WHAT YOU HAVE TO DO:
Set out exactly every line of the entries below, starting at the line that holds "Solución de belleza: cinta" and stopping after the line that holds "Multi-Color and Warm-White".

══ SUPPLIED INFORMATION

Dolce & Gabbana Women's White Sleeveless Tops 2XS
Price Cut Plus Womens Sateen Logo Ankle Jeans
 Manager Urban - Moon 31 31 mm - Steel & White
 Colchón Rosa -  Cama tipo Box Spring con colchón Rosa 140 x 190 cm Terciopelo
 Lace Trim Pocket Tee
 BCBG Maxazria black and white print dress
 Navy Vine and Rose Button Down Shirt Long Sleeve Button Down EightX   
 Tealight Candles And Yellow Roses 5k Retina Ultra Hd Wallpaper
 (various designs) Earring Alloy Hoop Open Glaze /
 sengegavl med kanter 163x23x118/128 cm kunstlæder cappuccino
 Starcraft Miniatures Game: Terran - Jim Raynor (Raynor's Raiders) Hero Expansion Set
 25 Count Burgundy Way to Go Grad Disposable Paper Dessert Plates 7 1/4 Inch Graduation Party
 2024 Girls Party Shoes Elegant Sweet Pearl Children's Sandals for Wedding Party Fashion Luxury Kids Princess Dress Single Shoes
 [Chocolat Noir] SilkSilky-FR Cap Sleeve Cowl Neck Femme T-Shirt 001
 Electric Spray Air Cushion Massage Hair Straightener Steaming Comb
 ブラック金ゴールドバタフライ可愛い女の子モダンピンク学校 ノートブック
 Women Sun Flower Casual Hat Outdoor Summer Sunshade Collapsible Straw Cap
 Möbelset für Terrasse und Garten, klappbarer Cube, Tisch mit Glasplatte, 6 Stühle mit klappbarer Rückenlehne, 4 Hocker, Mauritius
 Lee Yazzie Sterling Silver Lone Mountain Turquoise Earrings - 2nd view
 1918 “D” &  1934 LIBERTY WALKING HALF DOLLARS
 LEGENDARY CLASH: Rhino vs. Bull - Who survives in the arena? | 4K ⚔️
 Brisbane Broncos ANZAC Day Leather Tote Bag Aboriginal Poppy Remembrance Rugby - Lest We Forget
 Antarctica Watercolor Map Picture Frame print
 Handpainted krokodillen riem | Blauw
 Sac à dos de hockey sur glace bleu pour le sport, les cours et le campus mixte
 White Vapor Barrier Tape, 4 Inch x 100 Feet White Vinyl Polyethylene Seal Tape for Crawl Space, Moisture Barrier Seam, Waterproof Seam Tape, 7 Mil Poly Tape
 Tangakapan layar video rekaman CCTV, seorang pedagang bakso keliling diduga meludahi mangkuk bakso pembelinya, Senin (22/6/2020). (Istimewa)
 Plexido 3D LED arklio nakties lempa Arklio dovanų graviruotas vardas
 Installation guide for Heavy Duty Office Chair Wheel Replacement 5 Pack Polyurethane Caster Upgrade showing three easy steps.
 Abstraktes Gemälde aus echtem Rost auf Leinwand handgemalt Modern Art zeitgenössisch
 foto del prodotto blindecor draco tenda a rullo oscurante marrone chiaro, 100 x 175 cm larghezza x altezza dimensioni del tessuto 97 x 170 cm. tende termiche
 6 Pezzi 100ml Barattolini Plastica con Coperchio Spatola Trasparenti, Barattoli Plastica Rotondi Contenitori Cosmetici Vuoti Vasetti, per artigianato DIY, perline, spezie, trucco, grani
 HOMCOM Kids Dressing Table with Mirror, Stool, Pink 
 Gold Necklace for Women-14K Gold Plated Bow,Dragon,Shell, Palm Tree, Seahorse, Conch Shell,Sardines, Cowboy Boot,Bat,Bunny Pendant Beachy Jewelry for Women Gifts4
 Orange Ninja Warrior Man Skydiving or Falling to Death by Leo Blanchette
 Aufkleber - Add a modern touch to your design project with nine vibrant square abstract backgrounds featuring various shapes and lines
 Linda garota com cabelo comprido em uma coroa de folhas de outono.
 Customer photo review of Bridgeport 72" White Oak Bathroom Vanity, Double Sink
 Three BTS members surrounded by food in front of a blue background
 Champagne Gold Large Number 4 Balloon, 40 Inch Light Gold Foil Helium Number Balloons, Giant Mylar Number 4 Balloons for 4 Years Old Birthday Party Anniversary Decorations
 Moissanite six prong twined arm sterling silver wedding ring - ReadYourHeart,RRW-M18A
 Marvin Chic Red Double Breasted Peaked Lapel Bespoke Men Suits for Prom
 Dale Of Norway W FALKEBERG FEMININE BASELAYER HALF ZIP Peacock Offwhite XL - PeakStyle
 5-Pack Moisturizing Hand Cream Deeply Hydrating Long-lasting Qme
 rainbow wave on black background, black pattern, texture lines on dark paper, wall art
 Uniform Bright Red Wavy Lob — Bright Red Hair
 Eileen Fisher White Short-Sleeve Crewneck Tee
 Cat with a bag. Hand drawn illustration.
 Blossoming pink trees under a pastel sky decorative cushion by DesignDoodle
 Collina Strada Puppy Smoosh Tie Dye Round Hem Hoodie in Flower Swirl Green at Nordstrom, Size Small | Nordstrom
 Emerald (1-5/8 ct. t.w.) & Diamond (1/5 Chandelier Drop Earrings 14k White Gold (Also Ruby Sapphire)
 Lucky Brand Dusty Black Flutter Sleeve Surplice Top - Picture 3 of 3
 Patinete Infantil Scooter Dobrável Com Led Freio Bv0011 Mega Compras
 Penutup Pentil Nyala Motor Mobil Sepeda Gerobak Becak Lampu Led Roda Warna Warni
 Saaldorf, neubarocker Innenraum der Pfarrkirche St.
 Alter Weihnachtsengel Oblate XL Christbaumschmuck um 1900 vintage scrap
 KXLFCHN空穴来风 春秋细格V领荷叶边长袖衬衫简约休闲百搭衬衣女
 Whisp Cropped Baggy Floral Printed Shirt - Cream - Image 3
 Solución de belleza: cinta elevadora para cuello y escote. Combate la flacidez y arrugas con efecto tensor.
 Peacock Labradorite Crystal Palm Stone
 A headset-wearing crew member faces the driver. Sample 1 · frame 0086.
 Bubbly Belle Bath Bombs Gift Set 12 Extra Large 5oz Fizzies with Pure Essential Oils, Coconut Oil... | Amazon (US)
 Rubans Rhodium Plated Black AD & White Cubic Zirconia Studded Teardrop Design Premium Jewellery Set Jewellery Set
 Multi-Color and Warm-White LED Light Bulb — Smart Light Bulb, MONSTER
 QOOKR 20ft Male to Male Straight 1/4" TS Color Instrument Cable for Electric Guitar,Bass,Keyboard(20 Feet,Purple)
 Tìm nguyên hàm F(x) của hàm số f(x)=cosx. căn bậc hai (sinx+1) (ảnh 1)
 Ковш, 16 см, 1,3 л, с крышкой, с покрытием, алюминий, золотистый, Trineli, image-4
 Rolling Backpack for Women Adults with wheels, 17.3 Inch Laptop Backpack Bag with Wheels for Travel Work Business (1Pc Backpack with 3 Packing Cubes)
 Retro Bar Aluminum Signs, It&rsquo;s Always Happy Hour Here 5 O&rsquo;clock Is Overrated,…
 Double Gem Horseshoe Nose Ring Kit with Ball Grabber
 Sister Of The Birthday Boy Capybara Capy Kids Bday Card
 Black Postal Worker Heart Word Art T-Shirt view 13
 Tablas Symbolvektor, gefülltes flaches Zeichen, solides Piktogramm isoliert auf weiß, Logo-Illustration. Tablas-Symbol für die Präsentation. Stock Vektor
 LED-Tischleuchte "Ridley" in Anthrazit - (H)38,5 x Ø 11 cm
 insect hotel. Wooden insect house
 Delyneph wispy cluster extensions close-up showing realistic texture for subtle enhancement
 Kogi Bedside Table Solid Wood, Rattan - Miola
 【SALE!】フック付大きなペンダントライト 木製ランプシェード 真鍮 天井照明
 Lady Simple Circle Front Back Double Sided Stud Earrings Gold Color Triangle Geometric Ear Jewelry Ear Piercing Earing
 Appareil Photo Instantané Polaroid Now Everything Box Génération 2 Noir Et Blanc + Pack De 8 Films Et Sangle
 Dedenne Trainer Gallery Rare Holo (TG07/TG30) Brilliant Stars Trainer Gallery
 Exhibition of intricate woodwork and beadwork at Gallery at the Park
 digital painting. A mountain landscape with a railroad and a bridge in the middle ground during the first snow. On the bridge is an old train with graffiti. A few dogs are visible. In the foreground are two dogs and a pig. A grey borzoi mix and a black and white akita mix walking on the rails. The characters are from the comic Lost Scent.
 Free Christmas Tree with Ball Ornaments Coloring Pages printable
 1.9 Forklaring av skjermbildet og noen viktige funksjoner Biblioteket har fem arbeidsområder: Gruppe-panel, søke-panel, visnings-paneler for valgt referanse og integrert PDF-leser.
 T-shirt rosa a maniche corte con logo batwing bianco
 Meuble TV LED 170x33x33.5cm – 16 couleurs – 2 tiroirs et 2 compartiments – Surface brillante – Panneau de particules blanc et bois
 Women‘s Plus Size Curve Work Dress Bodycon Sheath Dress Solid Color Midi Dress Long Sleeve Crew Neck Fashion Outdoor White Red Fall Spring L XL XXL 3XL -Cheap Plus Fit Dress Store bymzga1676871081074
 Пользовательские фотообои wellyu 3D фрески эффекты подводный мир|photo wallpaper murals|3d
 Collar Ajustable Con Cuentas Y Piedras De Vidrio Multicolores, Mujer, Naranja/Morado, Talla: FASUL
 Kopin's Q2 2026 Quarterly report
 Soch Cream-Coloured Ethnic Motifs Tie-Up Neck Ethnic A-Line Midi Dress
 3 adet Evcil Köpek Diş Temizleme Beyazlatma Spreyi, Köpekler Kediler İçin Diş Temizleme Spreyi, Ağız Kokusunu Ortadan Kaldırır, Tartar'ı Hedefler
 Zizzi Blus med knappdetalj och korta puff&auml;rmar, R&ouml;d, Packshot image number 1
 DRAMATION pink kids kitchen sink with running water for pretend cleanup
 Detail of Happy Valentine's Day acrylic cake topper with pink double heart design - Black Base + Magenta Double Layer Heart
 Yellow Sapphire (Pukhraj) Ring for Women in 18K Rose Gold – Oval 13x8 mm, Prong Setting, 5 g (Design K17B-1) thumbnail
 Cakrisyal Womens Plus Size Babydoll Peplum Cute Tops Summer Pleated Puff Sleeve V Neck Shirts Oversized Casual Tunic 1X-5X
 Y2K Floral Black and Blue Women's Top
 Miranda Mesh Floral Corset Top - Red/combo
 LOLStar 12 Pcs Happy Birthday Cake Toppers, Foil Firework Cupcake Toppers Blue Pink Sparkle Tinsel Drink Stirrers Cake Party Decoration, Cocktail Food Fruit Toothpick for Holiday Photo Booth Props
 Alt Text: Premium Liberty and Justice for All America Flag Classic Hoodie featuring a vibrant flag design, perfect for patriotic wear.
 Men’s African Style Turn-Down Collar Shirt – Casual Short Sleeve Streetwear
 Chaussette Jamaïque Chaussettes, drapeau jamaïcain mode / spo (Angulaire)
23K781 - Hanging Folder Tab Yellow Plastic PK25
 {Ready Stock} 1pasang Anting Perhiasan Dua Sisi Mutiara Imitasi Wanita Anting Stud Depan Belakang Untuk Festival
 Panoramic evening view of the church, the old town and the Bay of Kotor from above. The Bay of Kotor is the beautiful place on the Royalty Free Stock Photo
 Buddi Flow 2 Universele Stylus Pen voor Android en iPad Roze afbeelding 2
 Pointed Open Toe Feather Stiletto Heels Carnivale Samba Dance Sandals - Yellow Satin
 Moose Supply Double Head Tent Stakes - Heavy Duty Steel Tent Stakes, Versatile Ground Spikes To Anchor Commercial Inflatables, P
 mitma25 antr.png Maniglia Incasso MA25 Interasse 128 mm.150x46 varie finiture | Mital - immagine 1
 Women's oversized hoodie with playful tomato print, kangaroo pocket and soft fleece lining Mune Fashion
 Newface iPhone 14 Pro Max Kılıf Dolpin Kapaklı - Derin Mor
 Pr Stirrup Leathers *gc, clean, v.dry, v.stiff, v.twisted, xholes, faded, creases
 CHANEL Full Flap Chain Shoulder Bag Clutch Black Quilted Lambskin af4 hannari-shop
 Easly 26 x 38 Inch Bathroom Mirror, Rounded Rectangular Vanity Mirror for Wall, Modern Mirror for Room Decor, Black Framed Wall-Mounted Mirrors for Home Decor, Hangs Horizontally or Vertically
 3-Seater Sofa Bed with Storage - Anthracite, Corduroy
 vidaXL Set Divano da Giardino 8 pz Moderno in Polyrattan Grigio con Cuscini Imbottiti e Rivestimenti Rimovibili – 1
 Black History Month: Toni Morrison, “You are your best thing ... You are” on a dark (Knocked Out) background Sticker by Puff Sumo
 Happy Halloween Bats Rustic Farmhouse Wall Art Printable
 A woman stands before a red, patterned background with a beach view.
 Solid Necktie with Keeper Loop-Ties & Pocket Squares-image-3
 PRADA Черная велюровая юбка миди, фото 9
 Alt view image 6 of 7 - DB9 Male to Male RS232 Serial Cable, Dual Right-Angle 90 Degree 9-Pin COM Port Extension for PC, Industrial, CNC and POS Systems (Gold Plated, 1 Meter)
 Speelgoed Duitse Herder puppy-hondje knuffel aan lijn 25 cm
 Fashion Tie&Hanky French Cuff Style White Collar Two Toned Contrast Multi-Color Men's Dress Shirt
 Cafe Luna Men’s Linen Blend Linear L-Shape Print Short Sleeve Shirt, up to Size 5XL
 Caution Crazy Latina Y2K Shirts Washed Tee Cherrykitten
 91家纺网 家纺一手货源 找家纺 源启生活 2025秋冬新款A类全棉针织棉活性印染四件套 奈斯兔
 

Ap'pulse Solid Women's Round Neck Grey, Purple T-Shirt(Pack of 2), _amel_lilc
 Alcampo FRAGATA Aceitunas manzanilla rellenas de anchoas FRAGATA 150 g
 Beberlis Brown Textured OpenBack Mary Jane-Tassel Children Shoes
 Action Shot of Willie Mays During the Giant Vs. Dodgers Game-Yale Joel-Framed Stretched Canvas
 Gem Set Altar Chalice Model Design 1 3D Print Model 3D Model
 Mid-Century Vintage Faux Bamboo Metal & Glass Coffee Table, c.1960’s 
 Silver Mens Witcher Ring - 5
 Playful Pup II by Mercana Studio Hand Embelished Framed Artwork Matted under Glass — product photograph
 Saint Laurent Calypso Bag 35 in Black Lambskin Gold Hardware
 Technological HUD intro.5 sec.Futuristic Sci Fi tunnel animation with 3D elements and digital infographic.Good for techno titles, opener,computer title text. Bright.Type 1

════

WRITTEN ANSWER:
 Solución de belleza: cinta elevadora para cuello y escote. Combate la flacidez y arrugas con efecto tensor.
 Peacock Labradorite Crystal Palm Stone
 A headset-wearing crew member faces the driver. Sample 1 · frame 0086.
 Bubbly Belle Bath Bombs Gift Set 12 Extra Large 5oz Fizzies with Pure Essential Oils, Coconut Oil... | Amazon (US)
 Rubans Rhodium Plated Black AD & White Cubic Zirconia Studded Teardrop Design Premium Jewellery Set Jewellery Set
 Multi-Color and Warm-White LED Light Bulb — Smart Light Bulb, MONSTER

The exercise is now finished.